双六小屋では13時が目安でしたが12時45分に到着・・・うどんを頼んで昼食です。何か化学調味料たっぷりのうどんでしたが、エネルギーと考えれば何とか食べられないことはありません。
私は行動を始めるとあまり食事がのどを通らないため、いつも【シャリバテ】でヘトヘトになって帰り着くのです。
その代り水はふんだんに摂りました。1時間にポカリ500cc一本のペースです。
鏡平山荘は15時がリミットでしたが、14時50分程でした。それぞれのコースで時間を短縮していますが、決して急いではいません。本当に慎重な行動の結果なのです。
秩父沢に予定時間以内に到着したとき、今回の山行の完遂を確信しました。あとはわさび平まで平たん路を歩くだけと思っていたからです。ところが秩父沢からも結構厳しい下りが1時間続きました。登るときは全く辛くなかったのでしょう・・・記憶に全く残っていませんでした。

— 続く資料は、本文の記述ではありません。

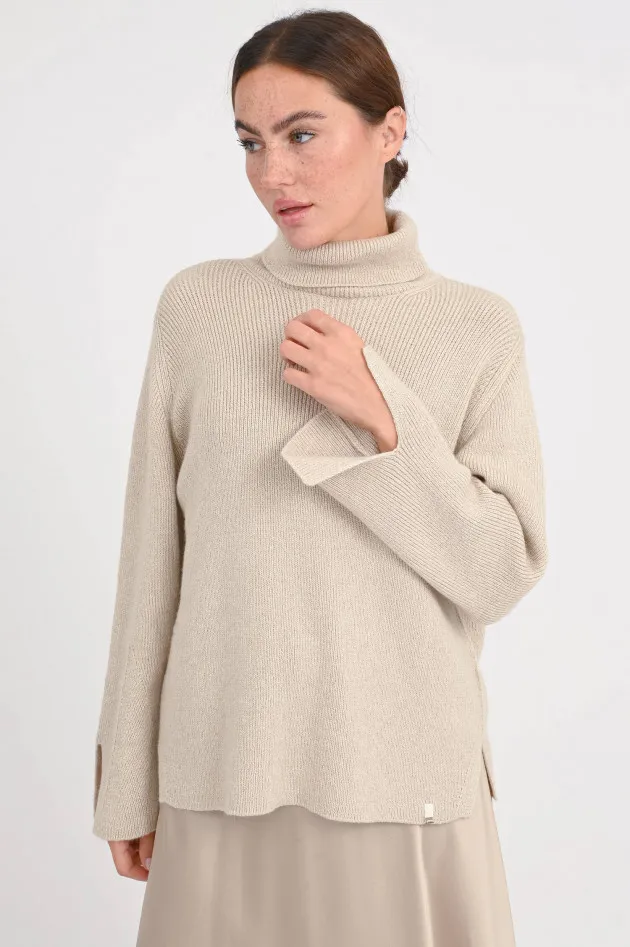 Rollkragenpullover mit Glitzereffekt in Beige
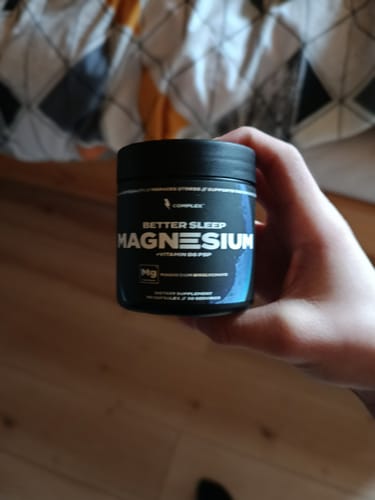 Customer holding a black tub of Sleep Magnesium in their hand.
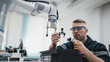 © NewSaetiew - Engineering student assembling a robotic arm using a computer in a technology workshop. Service engineer holding a robot controller and inspecting the robotic arm's welding hardware.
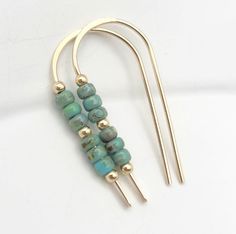 Handmade Gold & Turquoise Beaded Threader Earrings. Add a touch of luxurious sparkle to your look with these elegant gold & turquoise seed bead earrings! Lightweight miyuki seed beads are threaded on a gold chain, giving them a graceful dangle. Be the envy of all your friends with these stunning statement earrings! * 14k Gold Filled * Measure approximately 1.25 Inches * Quality Turquoise colored Miyuki Seed Beads * Sent in a Ribboned Gift Box * Handmade in Montana ----- OUR MATERIALS -----  *STE Turquoise Round Bead Earrings For Everyday, Everyday Turquoise Round Bead Earrings, Everyday Turquoise Beaded Earrings, Turquoise Earrings Gold, Gift Box Handmade, Rings Ideas, Box Handmade, Earrings Turquoise, Fall Earrings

もともと私は登りが好きなんです。苦しいほど達成感が持てますし、何より高所恐怖症の私でも怖くありません。ところが下りは下が見えますものね。
わさび平に着いた時は流石に足が少しワナワナと震えました。一気に張りつめていたモノから解放された瞬間でした。
17時でしたからこのまま新穂高まで歩いても明るい時間に到着はできました。でも昨年来の懸案で、どうしてもこの小屋に泊まってみたかったのです。期待に違わぬいい小屋でした。
18時以降も多くの人がチェック・インしてきます。もちろん翌朝早くから行動できるように皆さん泊まるのですから・・・そうでないと新穂高から1時間の小屋にあまり意味がありません。
翌朝はゆっくり起きてのんびり新穂高登山口を目指しました。途中でありったけのペットボトルに湧き水を汲み、妻へのお土産にしました。ここを通るときはいつもこれがお土産なんです。そしてこの水で入れるコーヒーは格別ですから・・・今回も二人でコーヒーを楽しんだのです。
写真は富山県側の登山基地、太郎平とそこから黒部五郎に続く尾根道です。右端の黒い山のところに太郎平小屋が見えています。